Late-stage head and neck cancer incidence continues to rise in US
Rates of late-stage head and neck cancer increased in the United States between 2004 and 2015, propelled by rising incidence among white men, according to study results published in Cancer.
Results showed black patients and men had the greatest risk for a late-stage diagnosis.
“As the Healthy People 2020 initiative climaxes, we hypothesized a priori that the incidence of late-stage head and neck cancer in the United States is increasing rather than decreasing, driven by race and sex,” Adam Thompson-Harvey, MD, researcher in the department of otolaryngology and communication sciences at Medical College of Wisconsin, and colleagues wrote. “As hypothesized, we found an increasing incidence of late-stage head and neck cancer in the United States within the last decade. However, although black males still had the highest risk [for] being diagnosed with late-stage head and neck cancer, the most significant change in annual incidence patterns was driven by white males.”

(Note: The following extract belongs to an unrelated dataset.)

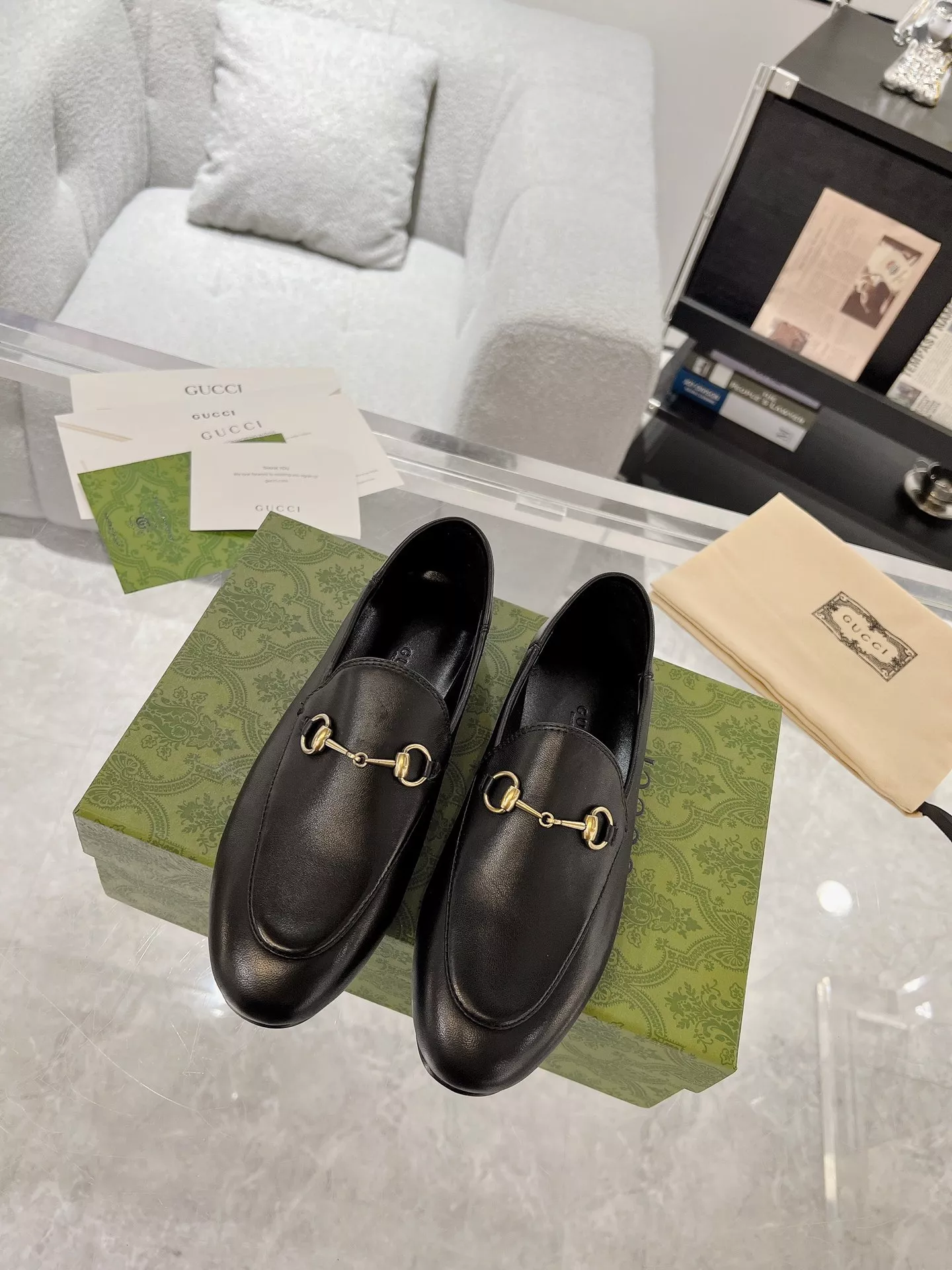 Gucci Oxfords Shoes For Men Durable 2158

Thompson-Harvey and colleagues used the SEER database to analyze age-adjusted incidence rates for 57,118 adults (mean age, 61.9 years; 78.1% men; 80.9% white) diagnosed with stage IV head and neck cancer between 2004 and 2015. About half of the patients had oropharyngeal cancer.
Results showed age-adjusted incidence rates for stage IV head and neck cancer increased by 26.1%, to 7.7 per 100,000 person-years in 2015 compared with 6.11 per 100,000 person-years in 2004.
Although the researchers observed decreased overall incidence of stage IV disease among black patients (adjusted OR [aOR] = 1.28; 95% CI, 1.22-1.34), they noted a significantly increased risk for diagnosis of late-stage head and neck cancer among black patients and among men (aOR = 3.95; 95% CI, 3.8-4.11).
Black men (14.66 per 100,000 person-years) had the highest age-adjusted incidence rate of stage IV disease during the study period, followed by white men (11.79 per 100,000 person-years) and Asian/Pacific Islander/American Indian/Alaskan Native men (6.73 per 100,000 person-years).
Similarly, black women (3.68 per 100,000 person-years) had a higher incidence rate than white women (2.9 per 100,000 person-years) and Asian/Pacific Islander/American Indian/Alaskan Native women (1.96 per 100,000 person-years). Rates for white women increased by 2.21% annually (P < .01), corresponding to a 32.2% increase from 2004 (2.51 per 100,000 person-years) to 2015 (3.32 per 100,000 person-years).
Moreover, incidence among white and Asian/Pacific Islander/American Indian/Alaskan Native patients increased significantly, with an annual percentage change for white patients of 3.03% (P < .01) and 1.95% for the other races (P < .01). Among black patients, incidence decreased significantly, with an annual percentage change of 0.89% (P = .04).
A sensitivity analysis of metastatic head and neck cancer by site showed a 22.9% increase in incidence of oropharyngeal cancer (0.21 per 100,000 person-years in 2004 vs. 0.25 per 100,000 person-years in 2015). Additionally, investigators reported significant rate increases among those aged 50 years and older.
The researchers noted several study limitations, including the lack of corresponding data in the SEER database regarding common risk factors such as HPV status, oral sexual encounters and tobacco and/or alcohol.
“However, we believe that despite these limitations, the results of the current study contribute to the cancer epidemiology and surveillance literature through the use of a well-established, long-term, population-based cancer registry that is national in scope,” the researchers wrote. “Because the diagnosis of late-stage head and neck cancer impacts survival, we hope that the results of the current study will provide targets for improving OS rates in patients with late-stage head and neck cancer.” – by Jennifer Southall
Disclosures: The authors report no relevant financial disclosures.